DSO138/DLO138 + miniscope v4
I've prepared simple interface dll for miniscope v4 allowing to show DLO138 output on PC screen. DLO138 is outputting text over serial port (example above) when HOLD function is used ([OK] button is pressed). This is only single direction communication, device cannot be controlled from PC - this also means that connecting GND and UART TX pin to PC is sufficient.
Miniscope v4 was updated to version 4.01.01, adding few callbacks for controlling GUI from device - setting proper position of sampling frequency trackbar, sensitivity trackbar and coupling type combobox when new frame was received.

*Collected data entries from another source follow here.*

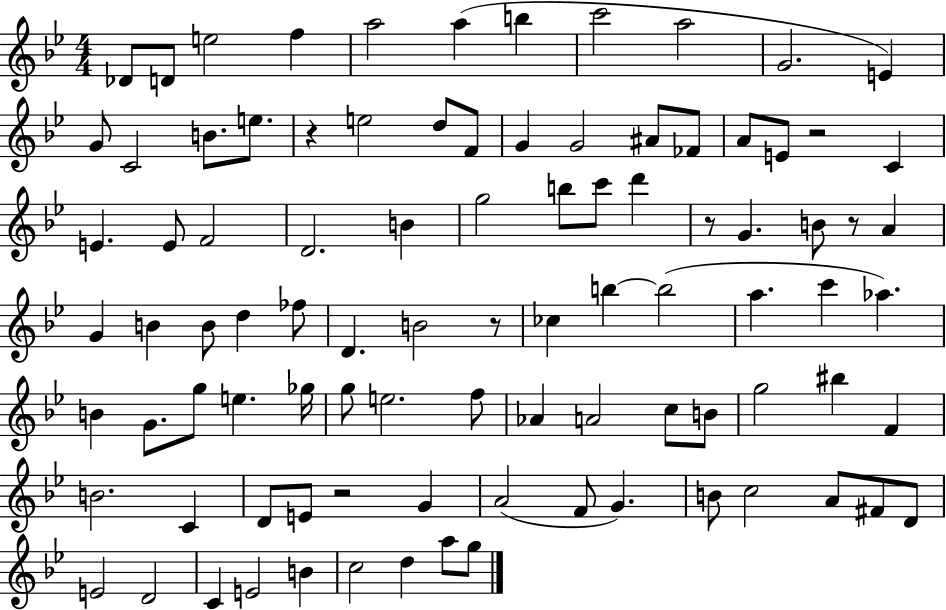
Db4/e D4/e E5/h F5/q A5/h A5/q B5/q C6/h A5/h G4/h. E4/q G4/e C4/h B4/e. E5/e. R/q E5/h D5/e F4/e G4/q G4/h A#4/e FES4/e A4/e E4/e R/h C4/q E4/q. E4/e F4/h D4/h. B4/q G5/h B5/e C6/e D6/q R/e G4/q. B4/e R/e A4/q G4/q B4/q B4/e D5/q FES5/e D4/q. B4/h R/e CES5/q B5/q B5/h A5/q. C6/q Ab5/q. B4/q G4/e. G5/e E5/q. Gb5/s G5/e E5/h. F5/e Ab4/q A4/h C5/e B4/e G5/h BIS5/q F4/q B4/h. C4/q D4/e E4/e R/h G4/q A4/h F4/e G4/q. B4/e C5/h A4/e F#4/e D4/e E4/h D4/h C4/q E4/h B4/q C5/h D5/q A5/e G5/e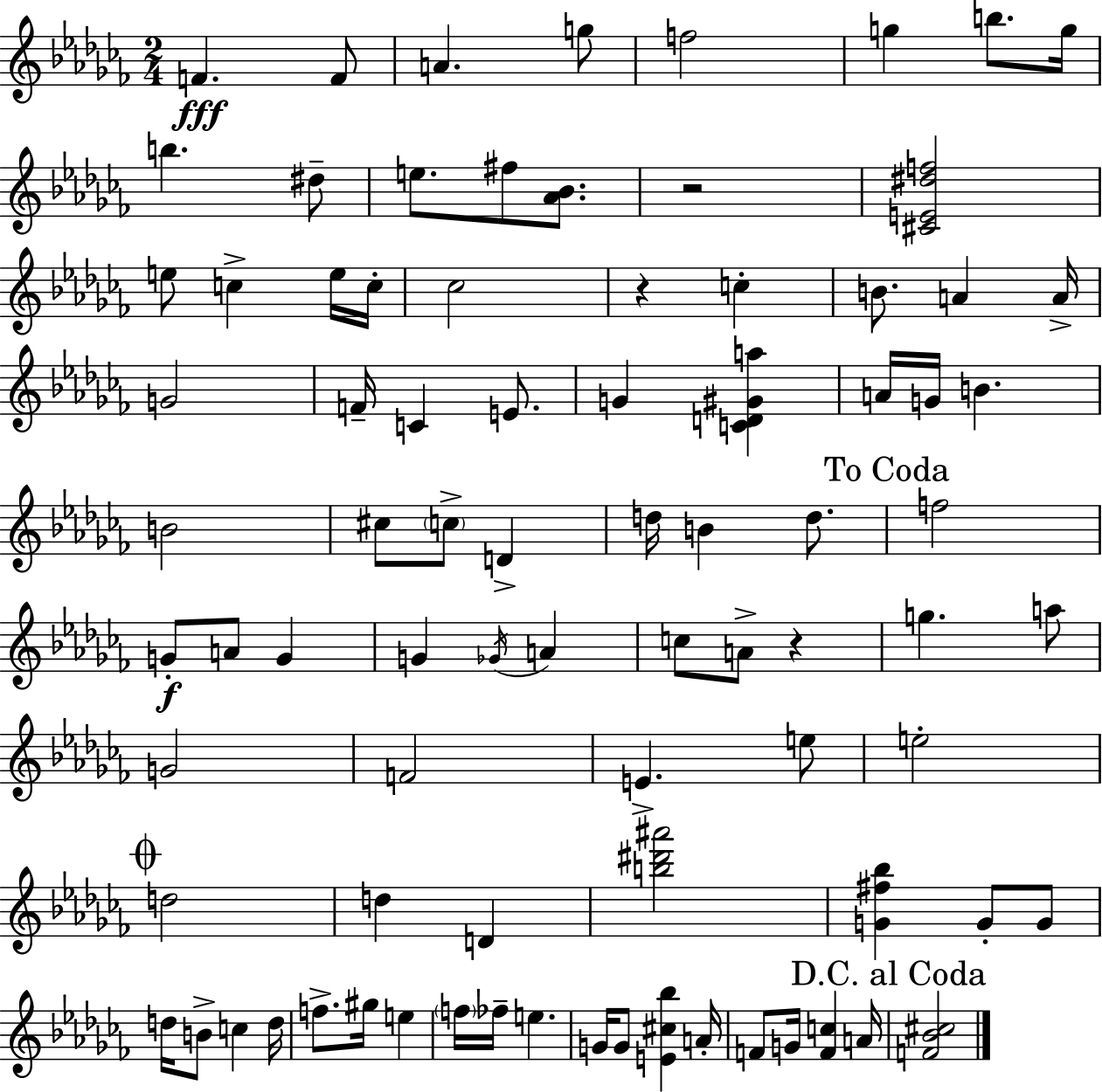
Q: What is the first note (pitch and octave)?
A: F4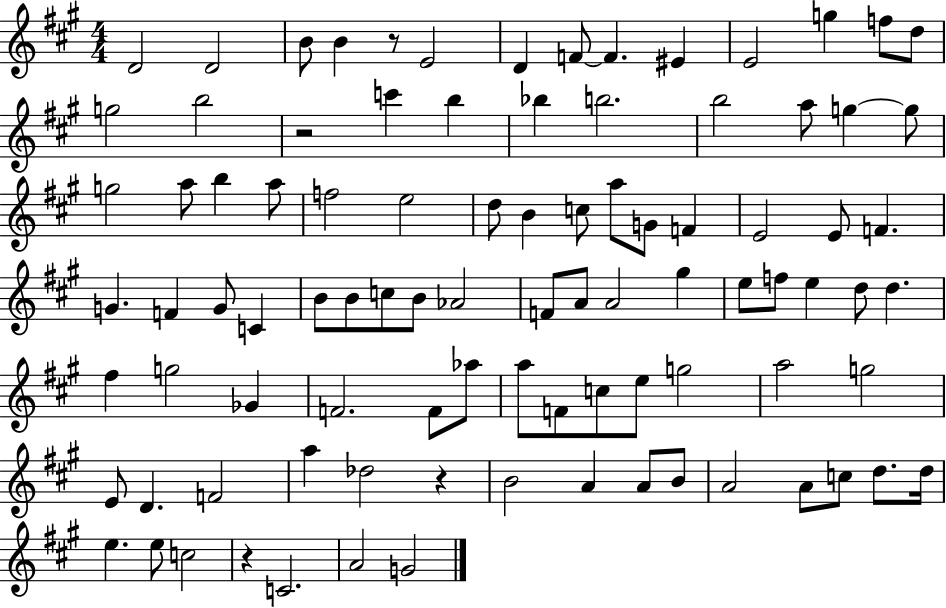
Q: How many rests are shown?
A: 4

Note: only voltage for first channel is correct/synchronized with the device. Second analog channel would capture only noise unless some wire would be soldered to PA4 / TP11 (test point near the chip, without description).
Miniscope v4 + dso138.dll binaries: dso138_miniscope.zip.
Source code for dso138.dll: dso138_dll_src_20200415.zip.
Thanks to digitspace for providing kit.